Hoy los trabajadores poseen algo más que su fuerza de producción, poseen al menos un televisor, y quizás incluso un automóvil o una motocicleta, e incluso un apartamento de cincuenta metros cuadrados con cuarto de baño alicatado hasta el techo. Pero eso no es lo importante, lo verdaderamente importante es que si no poseen todo eso, saben fehacientemente que pueden poseerlo. No como clase, no destruyendo el sistema, sino precisamente integrándose correctamente en él.
Pasando miseria en las calles de las grandes urbes de Occidente viven millones de emigrantes, se colocan en cualquier trabajo, malviven, pero muchos de ellos tienen estudios académicos superiores en sus países. Las calles se llenan de gentes que suplican un sustento mientras limpian parabrisas en los semáforos; muchos de ellos pocos años antes tenían una aceptable e incluso buena situación económica, son víctimas de un cierre de empresa que les cogió en momentos inestables, con cuarenta o cincuenta años, o solos y demasiado próximos a la droga o al alcohol.
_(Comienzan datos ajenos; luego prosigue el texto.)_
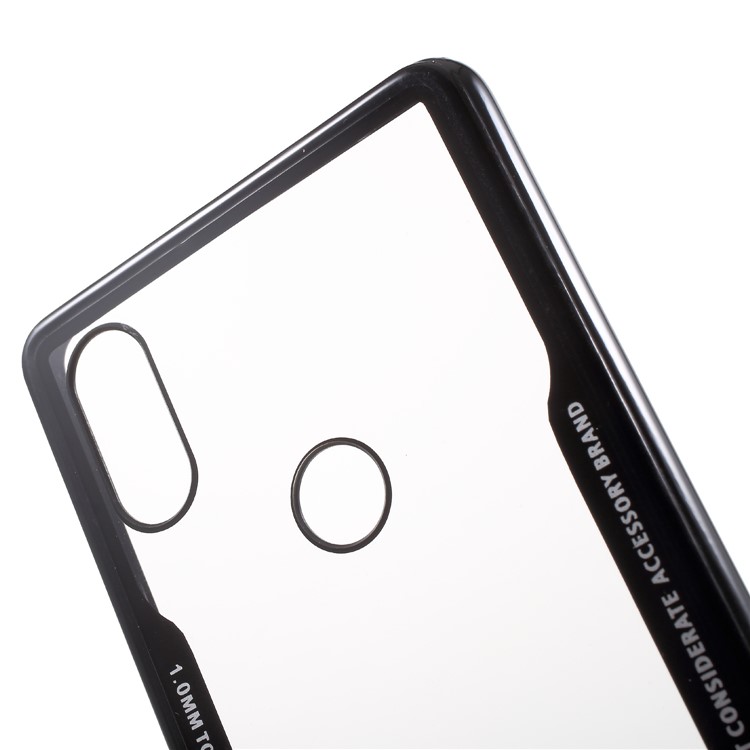 Silicone Edge + Clear Acrylic Back Hybrid Shell Case for Xiaomi Mi Mix 2s - Black-4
Por el contrario el que ayer estaba en una insoportable cadena y fue listo y supo salirse de su rutina y se acogió a las numerosas ofertas de integración que ofrece el Estado moderno pudo subir, quizás es ahora un autopatrono triunfante u ocupa un lugar privilegiado de la estructura económica. Y son legión los que viven y no tienen ni tendrán nunca oficio. Hoy reparten pizzas, mañana se acogen al paro tres meses, luego hacen encuestas, otra temporada descargan camiones, luego cosen en casa pantalones vaqueros, por fin acabarán recogiendo cartones. O llegarán muy alto, siempre puede estar su oportunidad a la vuelta de la esquina. Y si no, cuando alcancen los treinta años comprenderán que nunca han sido nada y que para nada valen, entonces empezarán a pasar más largas temporadas en el paro, quizás empiecen a pasar algunas en la cárcel, por último dormirán en la calle y limpiarán parabrisas en los semáforos. Pero mientras, poseen una televisión y una esperanza. Todo lo que sale en la pantalla un día podría ser de ellos si aprenden a integrarse correctamente, o si hay suerte y encuentran un buen chollo y dan el pelotazo. Una de las cosas más importantes de nuestra actual sociedad es la nítida conciencia de que mañana, cualquiera de nosotros que hoy estamos aquí, prudentemente integrados, podemos estar mañana mismo tirados durmiendo entre cartones.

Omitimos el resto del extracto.